Rust is great but for scientific applications it needs more work. Rust and PyO3 seems to be the way to go if you want the best of the two.
On a side note Rust current state reminds of Python in early 2000, it's actually numpy, scipy and later pandas that started to give Python momentum.

My personal opinion is that Rust can become a universally usable language (including areas where currently Python is used). Maybe it already is, though the learning curve is a bit difficult yet. I feel like this is the greatest challenge for adaption by many people and organizations.

There may still be languages that serve a better purpose for certain niches, though.

I think the learning curve of Rust can be improved by

  • better documentation in some regards,
  • improving APIs and removing inconsistencies (likely that's very hard to achieve due to required backwards compatibility).

But I believe that Rust might become "the" standard language in the future.

Python comes with a lot of pitfalls too, e.g. regarding mutability, and I don't think all these __special__ __methods__ in Python are easy to overlook. I really like Rust's concept of traits (with a few features that I'm missing, such as bringing certain sealed traits automatically into scope).

Thanks! I'm not coming to Rust from Python. I'm coming to Python from Rust. And the only reason why I gave Python a try is that I wanted a good tool for plotting. But languages as Python and R which breaks backwards compatibility are severely broken by design. :expressionless:

Backwards compatibility is particularly important for science. You programmers do a lot of work "maintaining" your software. But a scientific paper cannot be "maintained" or "updated", it's published in a journal and stays there forever, archived, available unchanged for future generations. At best, a new research can be published expressing a new viewpoint on a particular scientific problem and this is how science works.
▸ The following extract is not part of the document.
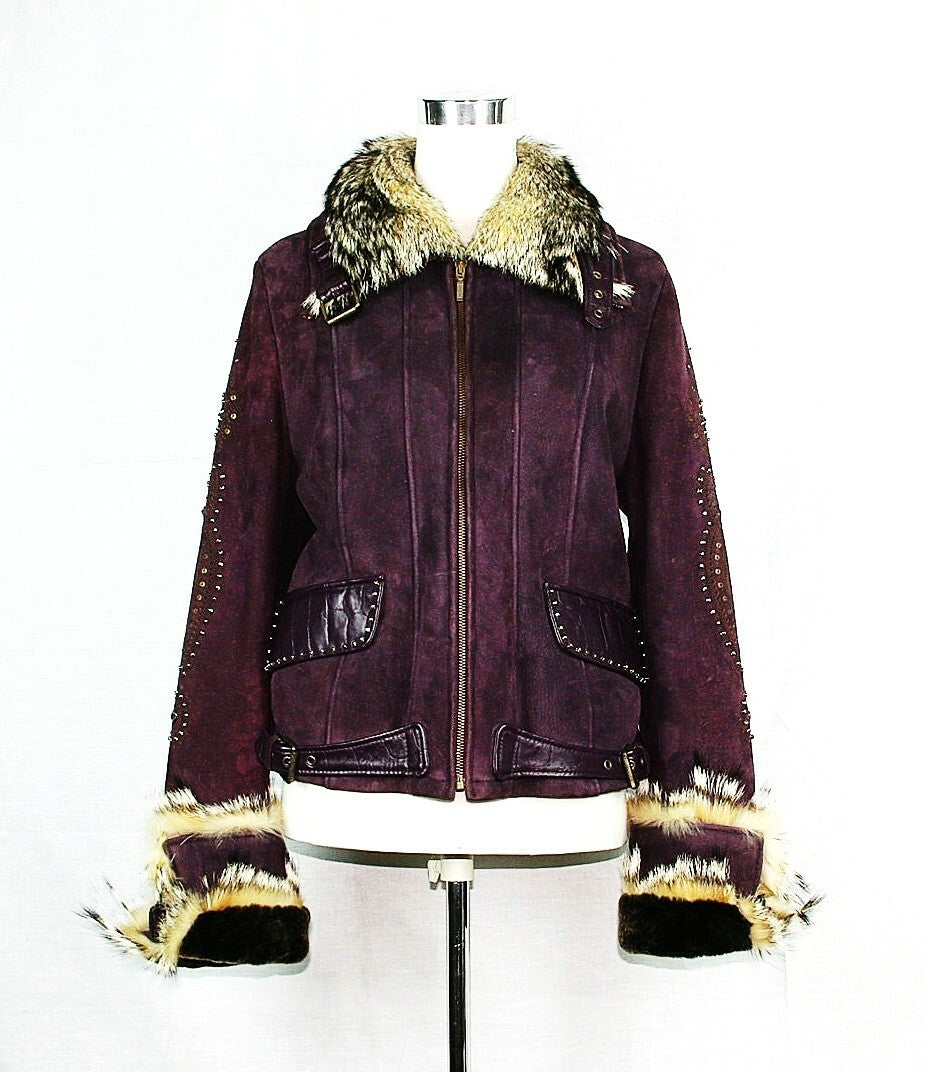 Leather Purple Shearling Jacket Size 42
Thus, software used in science must also stay there, in perpetuity, being easily downloaded, backwards and forwards compatible forever. Two universal principles of all fields of science are parsimony and falsifiability. Once an experiment no longer can be reproduced (because the programming language evolved...), the work will loose part of its validity as difficult to test.

I'm not saying it's not possible to publish a research based on software written in Python (most scientists don't really care, for their career all the they need is to have new papers published each year) but I don't think this is a correct approach for science. Things should be done well and what we need for science is Rust.